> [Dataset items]
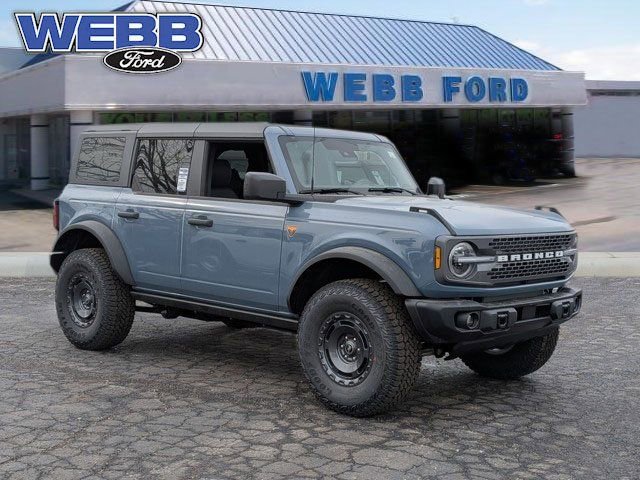 New 2025 Ford Bronco Badlands w/ Sasquatch Package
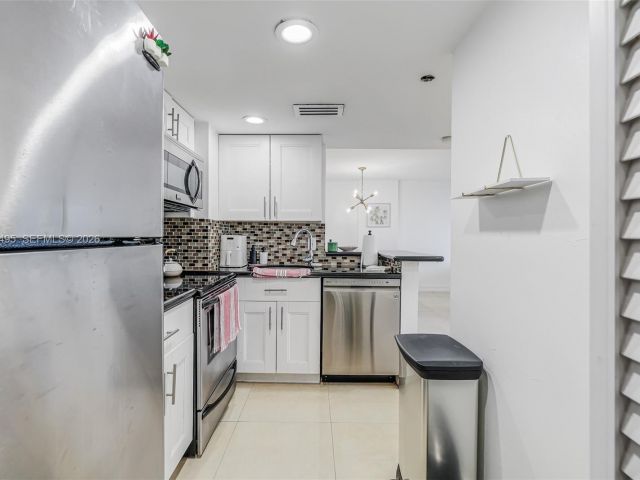 1-bedroom condo for sale in Miami - 770 Claughton Island Dr 409 - MondialRealty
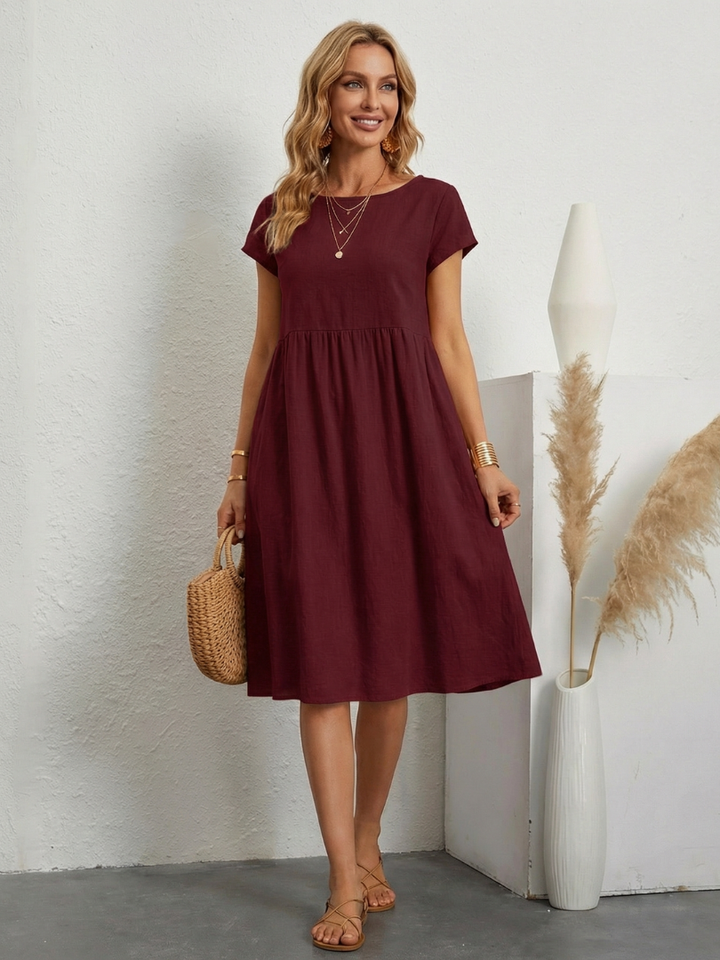 Practical women's casual midi dress with short sleeves and pockets, comfortable for everyday use.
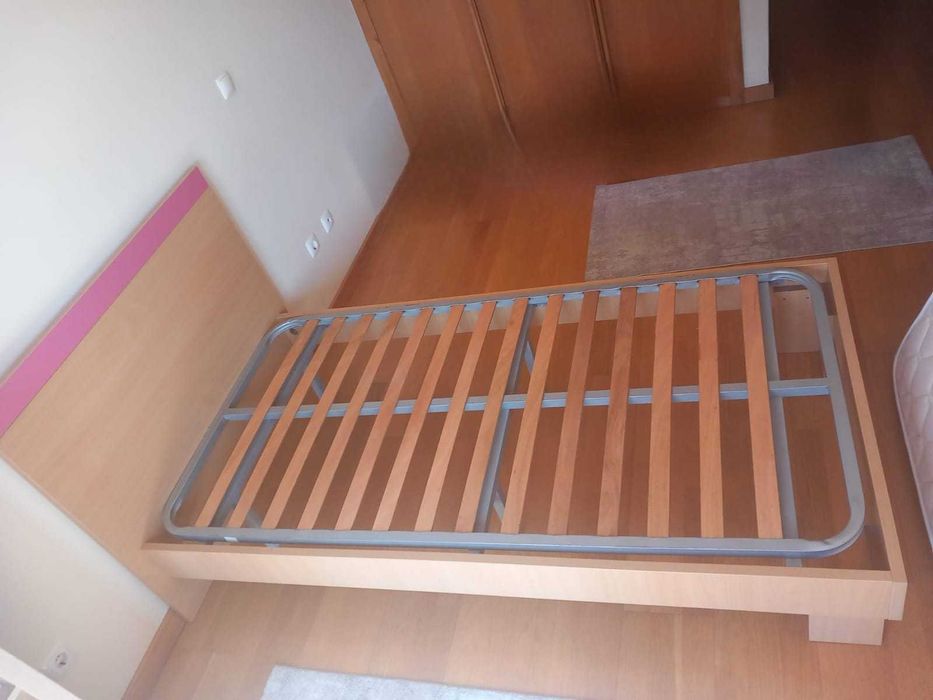 Cama de solteiro, com estrado e colchão
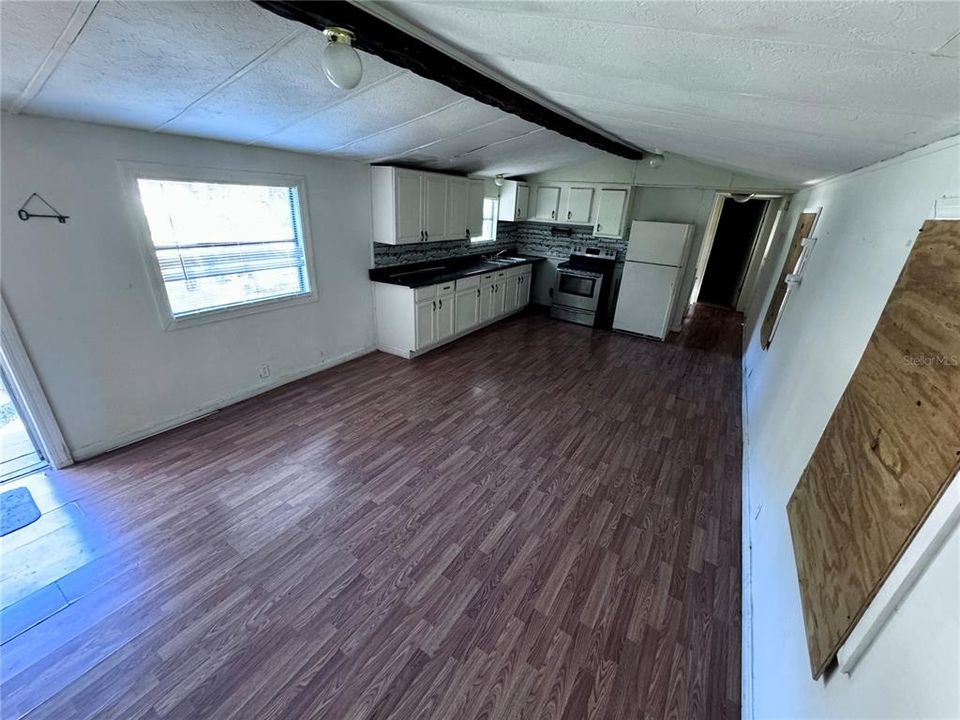 For Sale: $85,000 (2 beds, 2 baths, 846 Square Feet)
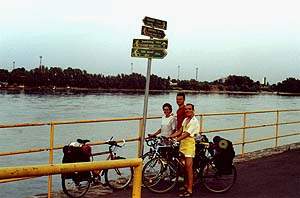 Na cyklistickej ceste v Budapeti pri Dunaji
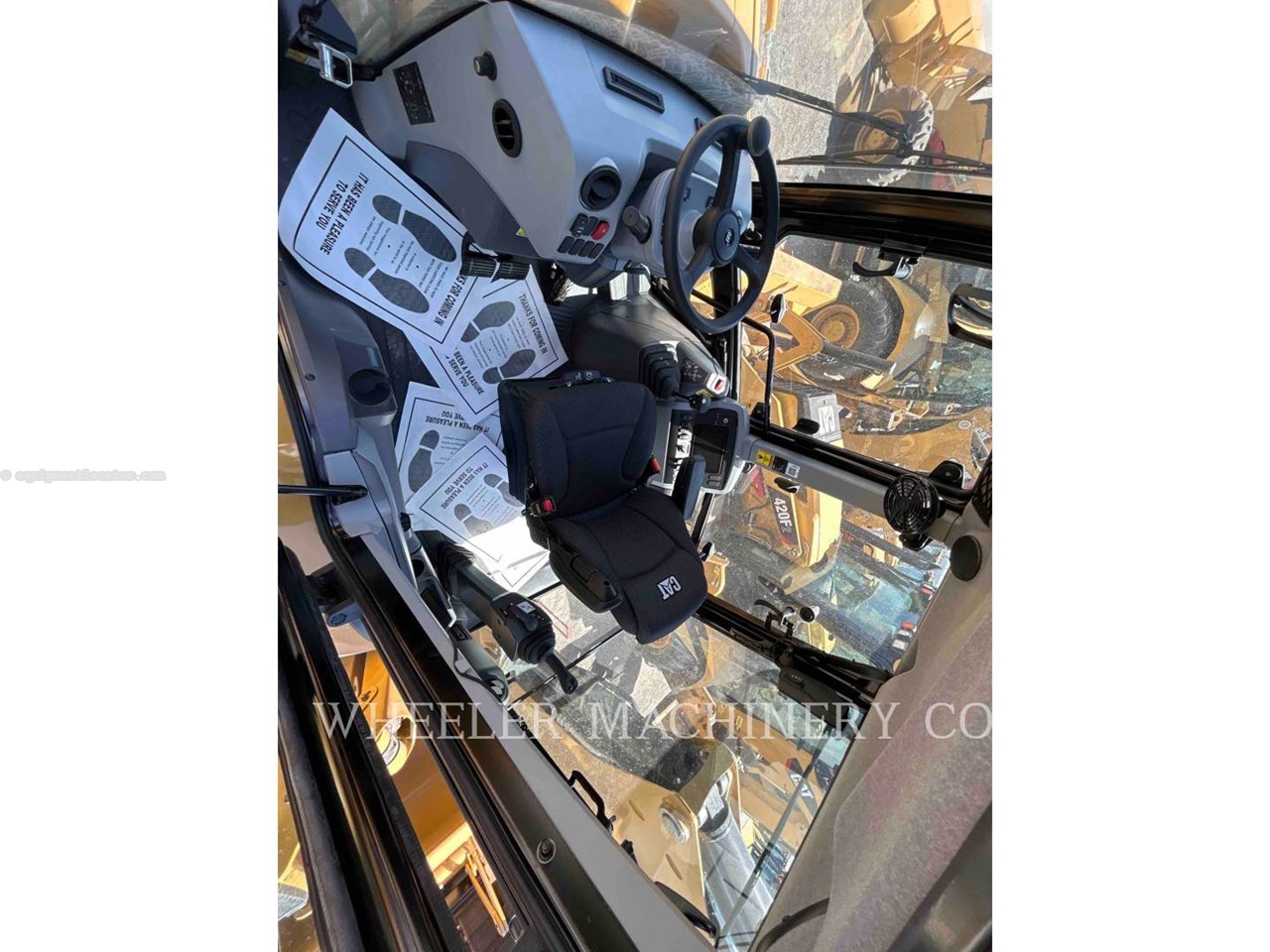 2024 Caterpillar 420 CF Image 2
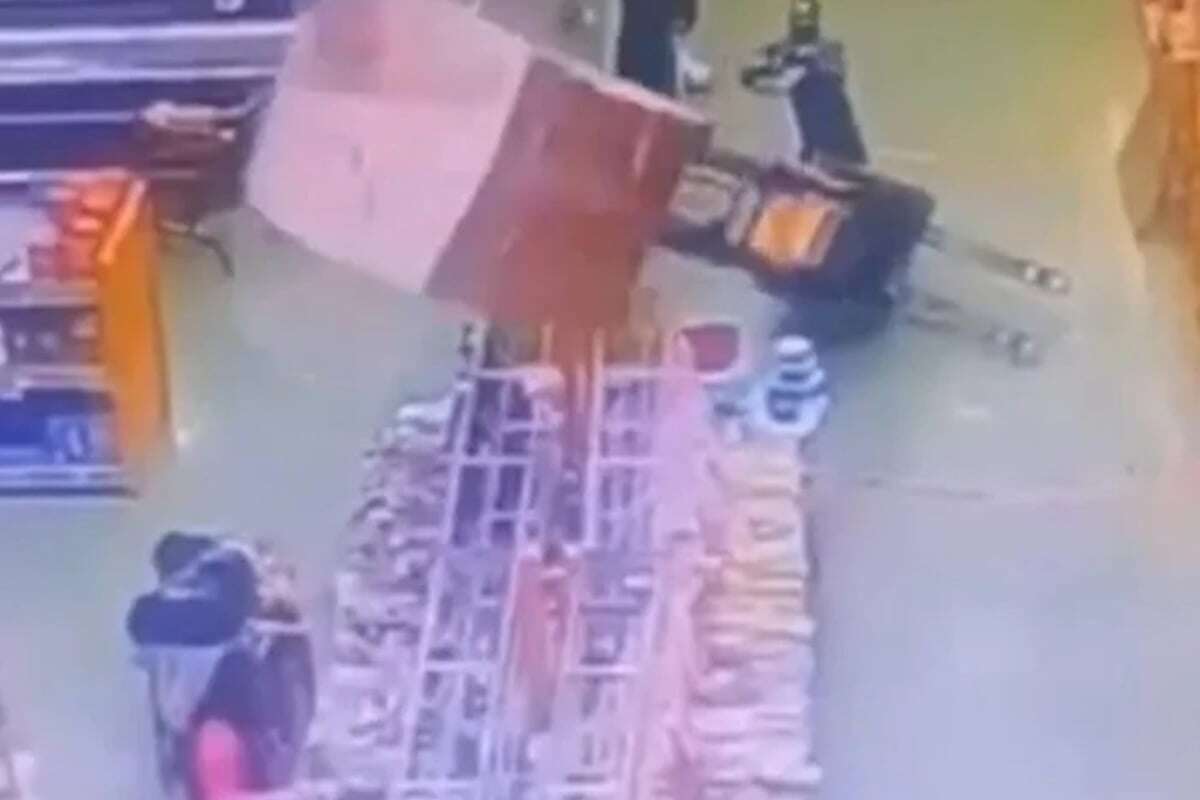 Vídeo: cliente sofre fratura e desmaia ao ser atingida por carga de leite condensado em mercado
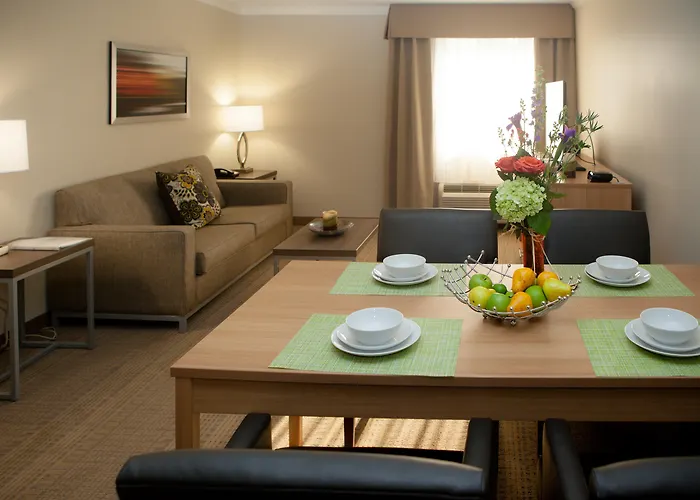 Holiday Inn By Ihg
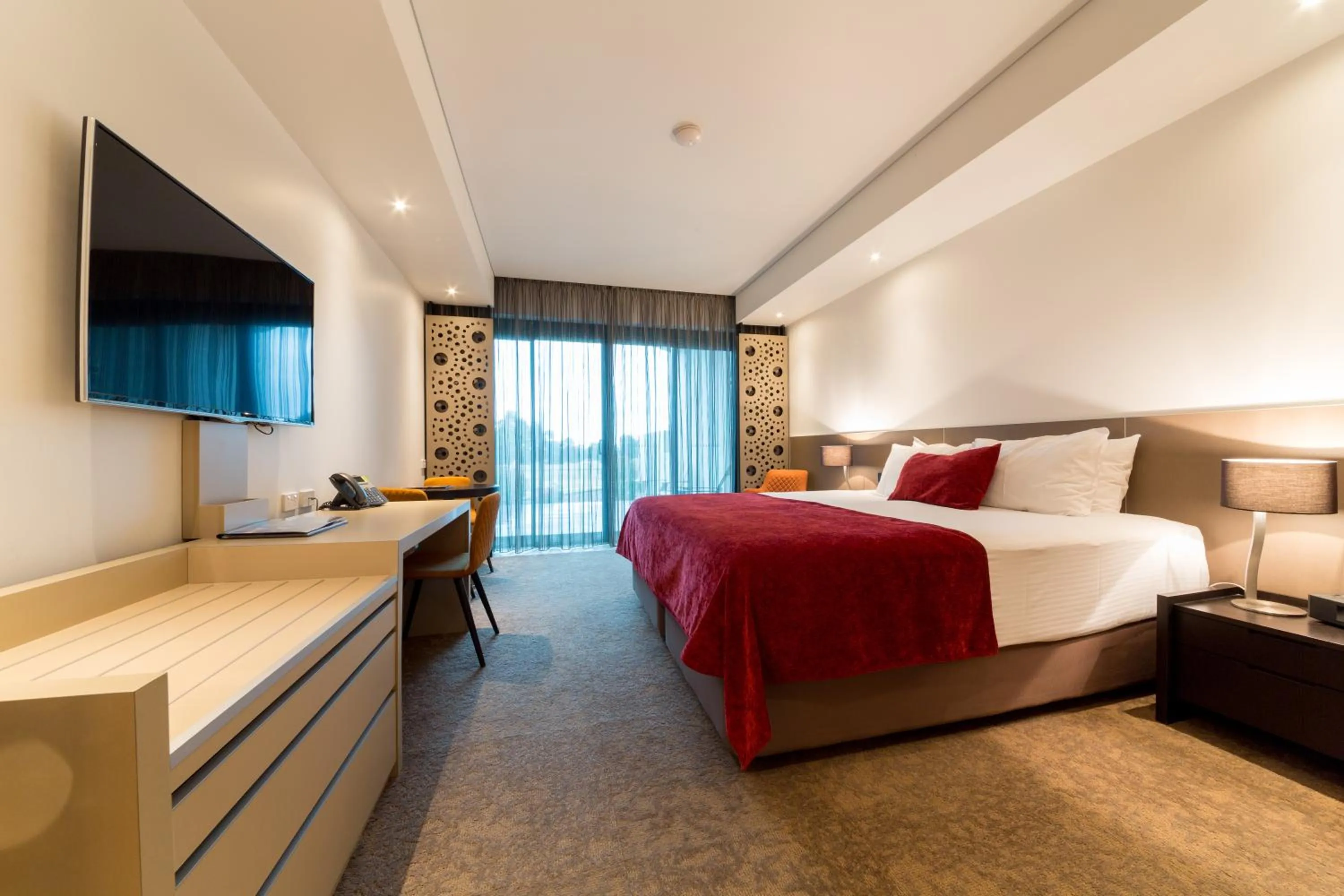 Property building, Bed in Bridges Villas Barooga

> [Task goal] Extract exactly the lines above from the line containing "Holiday Inn By Ihg" through the last one, both ends included, but not the pictures.

> [Exercise answer]
 Holiday Inn By Ihg
 Property building, Bed in Bridges Villas Barooga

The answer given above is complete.